I found one scientific article that discusses CO2 root uptake directly from sediment by aquatic plants.

Details here:

http://aob.oxfordjournals.org/content/103/7/1015.full.pdf

Use of sediment CO2 by submersed rooted plants

Anders Winkel and Jens Borum* Freshwater Biological Laboratory, Biological Institute, University of Copenhagen, Helsingørsgade 51, DK-3400-Hillerød, Denmark. Received: 25 November 2008 Returned for revision: 15 December 2008 Accepted: 12 January 2009 Published electronically: 14 February 2009

I have the 3rd revision of the aforementioned book, and I don't recall that this aspect is discussed there.

Would this influence how we set up an El Natural tank? Do I get it right, that in this context sediment mineralization might be counter-productive (in a non-CO2 enriched tank)?


----------



## Michael (Jul 20, 2010)

Welcome to APC, you have an interesting point! Since most of the substrate CO2 comes from aerobic decomposition of organic matter, organic matter content is an important factor.

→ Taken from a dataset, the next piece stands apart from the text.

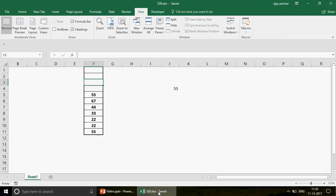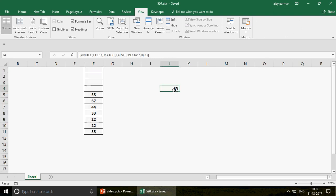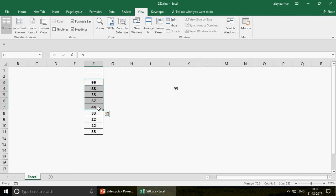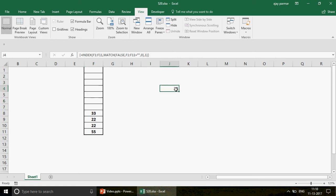Now I'm going to show you exactly what we want to do here. This is a table I have created and you can see that the first value is automatically coming here. If I write 88, it automatically appears; if I write 99, it picks it up. If I delete that, it comes as 33. This formula is very interesting — it's not a normal formula. You can't understand it without knowledge of arrays.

I think it comes down to a question of balance, like so many other things in the hobby. You want enough organic matter in the substrate to supply CO2 (at least when the tank is new), but not so much that decomposition switches to anaerobic processes that produce toxic compounds. In my experience, many beginners start with percentage of organic content too high, with the subsequent problems of a mostly anaerobic substrate.

The initial production of CO2 in a properly set up Walstad tank is one of the reasons that plant growth is so fast at first, then slows as the tank matures. Maybe a way to increase growth in a mature tank would be to add organic matter to the substrate in controlled amounts.


----------



## Z1234 (Oct 25, 2016)

Michael said:


> The initial production of CO2 in a properly set up Walstad tank is one of the reasons that plant growth is so fast at first, then slows as the tank matures. Maybe a way to increase growth in a mature tank would be to add organic matter to the substrate in controlled amounts.


I am guessing that we over estimate the risk of anaerobic conditions and H2S production. Yes, it is a disaster when that happens, especially at new tanks.

However, if plants are established and there are enough roots, maybe the CO2 limitation becomes more of a problem in the long run to maintain large mount of healthy plant mass. Could it make sense to add C somehow to the tank? In the nature, tree leaves and all kind of stuff lands in the lakes.

I am guessing that material with high C:N ratio could work. For example wood chips, dry leaves etc.

I have a tank out in the garden with direct sunlight. What I noticed, especially in the first 1-3 months that when the sunlight hits the aquarium, it bubbles like crazy from the substrate. It is not H2S. It does not smell at all.

However, with newly established aquariums inside the house and artificial light, I still get some bubbles in the beginning, but nowhere close to the sunlight-tank. Somehow for me it appears that sunlight makes a difference.

Maybe with the outdoor aquarium it would make sense to use a tighter cap to "seal" some CO2 in the substrate and prevent that it gasses off so quickly? Or this would be useless / risky?

The study I linked above states that they found that 3 aquatic plants (out of 5 investigated) took more than 75%(!) their C need directly from the substrate. Only one was not able to use substrate-CO2 at all.

This is the garden - sunlight aquarium when it was 3 months old.










It is definitely not an award winning aquascape, but at least plants have been growing healthy. The top is normally open, I only put the cover on to take the picture.


----------



## micheljq (Mar 25, 2013)

There must be a way to place the soil in a container or something that you can remove when the soil is depleted. Then add new soil in the container, like a mesh bag or something like that.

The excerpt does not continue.